Harper Adams bought the land adjacent to its home farm just outside Newport, saying it would allow for the continued training of high quality workers following Brexit.

The purchase brings the estate farmed by the university to a total of over 1,500 acres.

Bosses said that the land acquisition forms part of its long-term strategy to allow it to develop its education and applied research activities.

Vice chancellor Dr David Llewellyn said: "We had a rare opportunity to buy a substantial block of land immediately adjacent to the university’s estate and this matched, ideally, the strategy we had established for the development of our farm operations.

"The university has to think long-term and with confidence about its role in supporting the UK agri-food system, and supplying the high quality graduate workforce we will need in the period following our departure from the EU.

"We are therefore delighted to have completed this purchase, which will help secure our ability to continue to provide the best possible environment for our research, and for our students, in the years to come."

University farm manager Scott Kirby said: "The purchase of such a significant block of land by Harper Adams not only represents a strategic move to secure one of the university’s most important resources, but is also a clear demonstration that Harper Adams is committed to the future of its own farm enterprises and the industry as a whole.

Advantage

"Increasingly, much of the work carried out by the farm and our researchers is about developing farm scale systems that need larger areas.

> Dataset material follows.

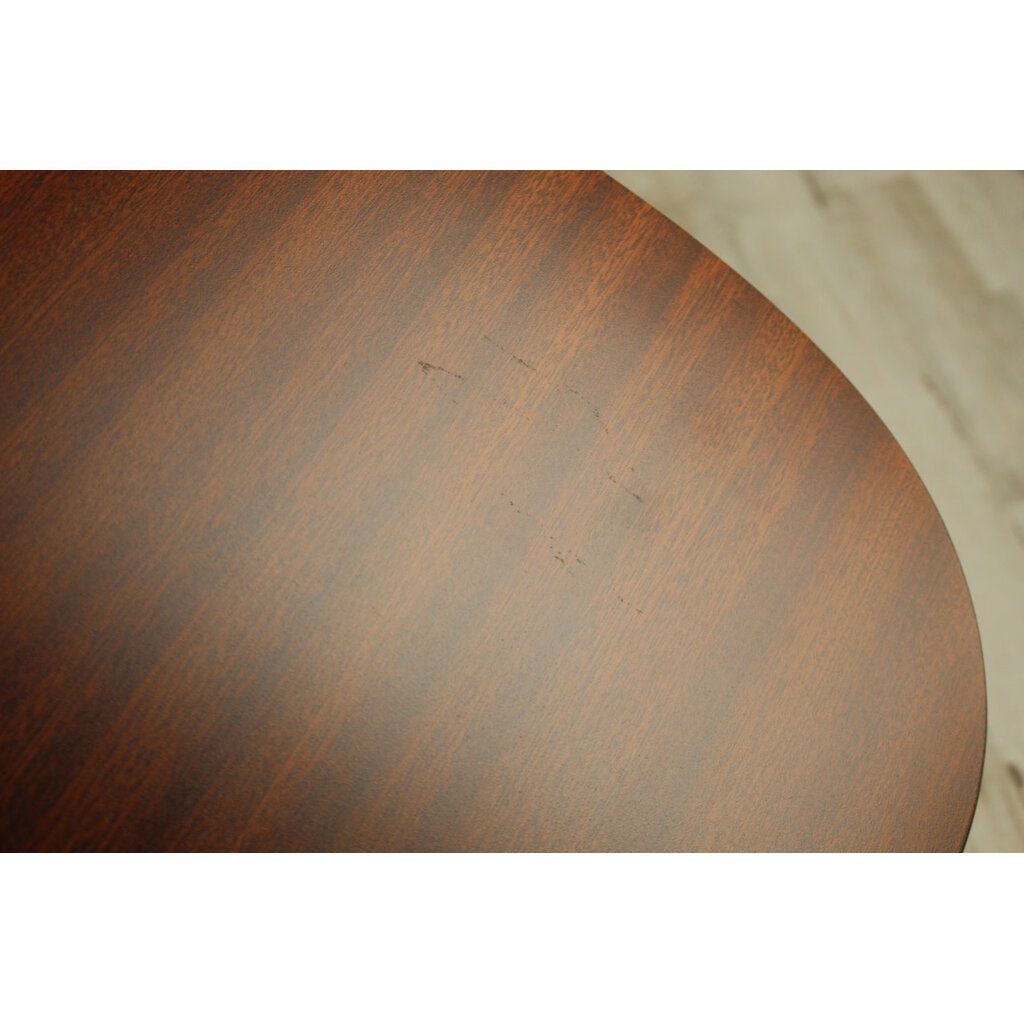 Martin USED Martin X Series Special (385)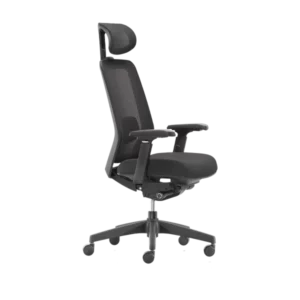 CR8 Task Chair - 1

Equally important is ready access to our farm.

"Harper Adams has the unique advantage of being surrounded by its farmland. Students and researchers can walk straight out of their lecture theatres or laboratories onto the farm. The fact that this new land is adjacent to our current campus adds enormously to this capability.

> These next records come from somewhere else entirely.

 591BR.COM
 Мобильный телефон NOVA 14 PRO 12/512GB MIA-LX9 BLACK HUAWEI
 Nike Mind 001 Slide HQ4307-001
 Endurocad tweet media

"Ownership of the new land also allows us to take a long-term approach to the way we farm. We can concentrate on sustainable farming methods, such as building soil organic matter levels and establishing conservation initiatives, which can sometimes take many years.

"That has always been our institutional philosophy. We have been farming here for nearly 117 years, and that sense of history makes you acutely aware that we have a responsibility to ensure that there remains a viable farm for all those who come after us."